Letters to the Editor – Thursday, July 11, 2019

Marsha Cutlip Paul is flanked by her son David and his wife Michelle who died of a mysterious illness in Fiji. Picture: Supplied

Turn of events

I agree with everything you say in your well-written editorial regarding the sudden death of the American couple in Fiji (FT 10/7).

On the question of whose responsibility it is to do the right thing by the family of deceased Americans, the answer is crystal clear: It is the responsibility of the Fijian State.

Rajend Naidu, Sydney, Australia

Sad case

I have been closely following the sad case about the death of David and Michelle Paul, the tourist couple who died over a month ago shortly after their arrival into the country.

I must admit that there are a lot of uncertainties regarding the case and at this point in time, I believe one can say that someone is hiding something.

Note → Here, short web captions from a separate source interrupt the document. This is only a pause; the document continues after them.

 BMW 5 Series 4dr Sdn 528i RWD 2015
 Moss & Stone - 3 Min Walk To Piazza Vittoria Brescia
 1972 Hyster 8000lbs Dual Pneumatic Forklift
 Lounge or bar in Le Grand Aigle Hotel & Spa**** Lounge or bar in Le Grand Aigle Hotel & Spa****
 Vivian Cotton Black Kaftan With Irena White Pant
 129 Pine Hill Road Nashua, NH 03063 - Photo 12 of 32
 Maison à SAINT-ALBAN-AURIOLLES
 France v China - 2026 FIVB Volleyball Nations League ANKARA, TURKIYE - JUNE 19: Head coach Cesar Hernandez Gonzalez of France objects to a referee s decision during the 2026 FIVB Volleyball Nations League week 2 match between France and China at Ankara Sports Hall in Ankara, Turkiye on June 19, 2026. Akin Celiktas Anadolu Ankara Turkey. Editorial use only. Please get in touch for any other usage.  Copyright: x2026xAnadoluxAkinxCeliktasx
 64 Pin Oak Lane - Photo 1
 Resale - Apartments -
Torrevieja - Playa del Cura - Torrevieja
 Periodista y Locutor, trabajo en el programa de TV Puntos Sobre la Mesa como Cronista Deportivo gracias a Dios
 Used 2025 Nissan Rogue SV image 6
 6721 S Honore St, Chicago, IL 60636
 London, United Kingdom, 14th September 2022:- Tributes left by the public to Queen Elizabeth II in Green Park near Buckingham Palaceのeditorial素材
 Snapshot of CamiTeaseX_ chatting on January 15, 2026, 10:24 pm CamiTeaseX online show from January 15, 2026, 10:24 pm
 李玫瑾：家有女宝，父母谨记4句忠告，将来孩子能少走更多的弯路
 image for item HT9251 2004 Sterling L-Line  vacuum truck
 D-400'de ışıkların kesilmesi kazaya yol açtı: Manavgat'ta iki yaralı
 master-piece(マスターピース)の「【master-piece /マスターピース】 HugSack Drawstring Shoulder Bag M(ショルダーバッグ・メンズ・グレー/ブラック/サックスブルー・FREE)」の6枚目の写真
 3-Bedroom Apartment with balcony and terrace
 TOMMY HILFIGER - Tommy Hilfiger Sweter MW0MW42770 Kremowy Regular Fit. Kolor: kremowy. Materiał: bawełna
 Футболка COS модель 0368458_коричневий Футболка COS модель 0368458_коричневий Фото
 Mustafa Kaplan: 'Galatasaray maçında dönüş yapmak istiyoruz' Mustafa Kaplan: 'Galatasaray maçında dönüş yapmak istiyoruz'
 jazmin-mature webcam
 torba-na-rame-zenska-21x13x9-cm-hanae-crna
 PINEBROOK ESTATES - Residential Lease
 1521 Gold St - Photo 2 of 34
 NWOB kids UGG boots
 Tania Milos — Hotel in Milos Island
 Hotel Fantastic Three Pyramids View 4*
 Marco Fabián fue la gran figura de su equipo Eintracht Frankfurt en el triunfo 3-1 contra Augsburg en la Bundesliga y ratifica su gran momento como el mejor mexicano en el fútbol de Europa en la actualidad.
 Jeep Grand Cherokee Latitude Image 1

I really felt for the families of the couple, especially that of David, to have waited for this long and only to receive an e-mail that there is a need for urgent cremation of David’s body for it is deteriorating faster.

As an ordinary citizen, I strongly feel that something fishy is going on here and why is the Minister of Health, Dr Ifereimi Waqainabete not responding to the concerns raised by the families?

I vividly recalled that Dr Waqainabete was very much involved at the beginning of this case, but seemed to be quiet at some point and I wonder why.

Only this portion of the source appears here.